[Data excerpt]
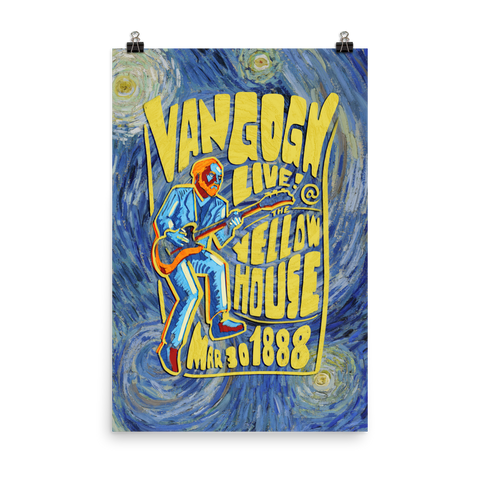 "Van Gogh Live!" Poster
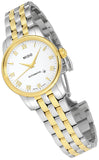 Mido Baroncelli III Automatic White Dial Two Tone Steel Strap Watch For Women - M7600.9.26.1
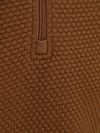 Petrol Half Zip Pullover Structure Brique Product / Detail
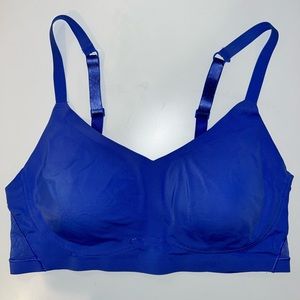 True Body Mesh Bra in Blue Size L/G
[/Data excerpt]
The whole of the data above needs retyping exactly, with pictures omitted.

 "Van Gogh Live!" Poster
 Mido Baroncelli III Automatic White Dial Two Tone Steel Strap Watch For Women - M7600.9.26.1
 Petrol Half Zip Pullover Structure Brique Product / Detail
 True Body Mesh Bra in Blue Size L/G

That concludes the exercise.